Converting some assets to SQL views. There are some assets that are simple joins that could be SQL views which would not increase the database's size.

Even if we reduce pudl.sqlite's size by making these changes, there's no guarantee we keep the size down as we add more data sources. Here are a few ideas on how we can make this "medium" sized data easier to access:

Create a pudl.sqlite "lite" database which only includes out_* tables that include all of the most useful information.
Have users query pudl.sqlite using the datasette API. Not the easiest method for pulling data into dataframes. We also don't have a great means of versioning the API.
Create a collection of parquet files for each table in pudl.sqlite. This would allow users to easily pull very space efficient files for individual tables into DataFrames. One potential issue with this solution is that users might end up pulling parquet files from different data versions.
Convert pudl.sqlite to a duckdb file. Given the design goals of duckdb it seems like an ideal tool for our type of data. However, I don't think duckdb's compression is as efficient as parquet's, the tooling only supports a database created with the same version and is an additional tool users will have to become familiar with.
Providing a compressed version of pudl.sqlite.

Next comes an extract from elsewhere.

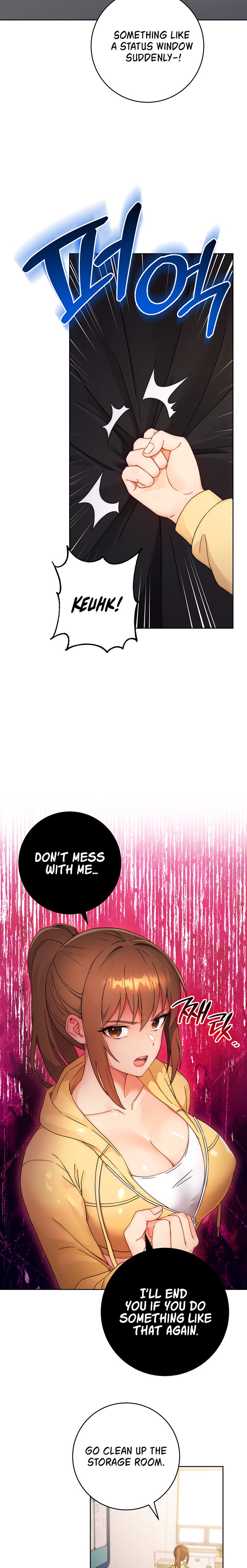 Love Choice chapter 2 page 11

This will make it easier for folks to download but will still consume most of the GitHub runner disk space when unzipped.

cmgosnell · 2023-11-21T18:12:28Z

cmgosnell
Nov 21, 2023
Collaborator

I'm not sure this is a good idea but i could imagine an additional idea being:

Create a pudl.sqlite "fast" database which only includes the few years we have in our fast settings file.

I personally think 1 or 6 but sounds the most ideal. 1 because that might be a nice way for most users to access our data regardless of github runners, but this could pose a problem if anyone wants to rely on the tidy normalized tables. and 6 because we already consistently build this db locally and for our CI so it sounds straightforward, but it would mean downstream users' tests would be locked to whatever years/partitions that we are currently testing.

10 replies

gschivley Nov 22, 2023

@zaneselvans I'm all for using duckdb storage but is it mature enough to depend on yet? The one thing you can't find in their documentation is info about duckdb file storage. Other than the warning that it will be in flux until 1.0.0.

jdangerx Nov 22, 2023
Maintainer

I think the idea with DuckDB here would be to use it just as a frontend for querying a bunch of different Parquet files - so the storage would be in a nice stable format. And if DuckDB implodes for some reason there are other tools to access parquet files.

If we wanted to maintain some set of SQL constraints on top of the pile of Parquet files, then I think we would need to distribute a duckdb file... which then does run into your stability concerns. But we could just not worry ourselves with SQL constraints for now.

zaneselvans Nov 22, 2023
Maintainer

I think we definitely need to keep worrying about the SQL constraints on the data production side, even if they're not encoded into all of the data products which we distribute, since they help us catch many, many internal data inconsistencies and bugs. But if we keep producing a unified pudl.sqlite(.gz) output alongside a directory of Parquet files derived from the same data, then we would know that those internal constraints had been satisfied.

jdangerx Nov 22, 2023
Maintainer

Yeah, totally agreed. In theory we could maintain these constraints while moving over to pudl.duckdb but after a whole bunch of research it still feels like a lot of effort for questionable gain on the production side. But Parquet files on the distribution side seems like a no-brainer at this point.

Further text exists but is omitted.